I just saw the first season of the Sopranos on VHS.
I almost see the whole thing as a morality play on the nature of good and evil.
Using the definition of evil from http://www.dictionary.com:
I would argue that Tony Soprano is not evil. In fact, he is one of the true fully morac characters in the series.
Consider the episode where he takes his daughter Meadow to look at colleges. He happens to see an infamous snitch in hiding, and the snitch sees him.
He knows that it is his duty to dispose of the snitch. Rather than use the fact that his daughter is with him as an excuse to have somebody else do it, Tony insists on doing it himself.
At one point the snitch sees Tony and follows him to the hotel, but doesn’t shoot him because he’s with his daughter.

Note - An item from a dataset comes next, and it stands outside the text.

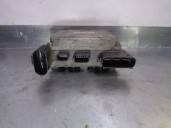 Recambio de modulo electronico para mazda 6 lim. (gh) 2.2 turbodiesel cat referencia OEM IAM GS1D67880F XJ61XYE0 MITSUBISHI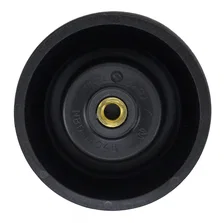 Tapered Sleeve Air Bag; 1/4 in. Port; image 4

Later, Tony garrots the snitch who as he’s choking pleads for mercy, saying he could have killed Tony the night before, but didn’t becuase of his kids. Tony is unswayed, and he finishes the job.
All through this intrigue he manages to keep up appearances with his daughter, and actually do some quality parenting.
It should also be noted that Tony visited the Snitches house and saw the snitch and his family, but left. It is not known whether he desisted from killing the snitch then because the family was with him, or was merely trying to get a better ID.
Now, many ethical systems allow for the use of violence in certain circumstances. For Tony and his ethical system it would have been immoral to let the snitch slide. The Snitch had broken his vow of silence and required the punishment that he fully new would be coming both when he made the vow and when he broke it. For Tony, it was simply a matter of duty.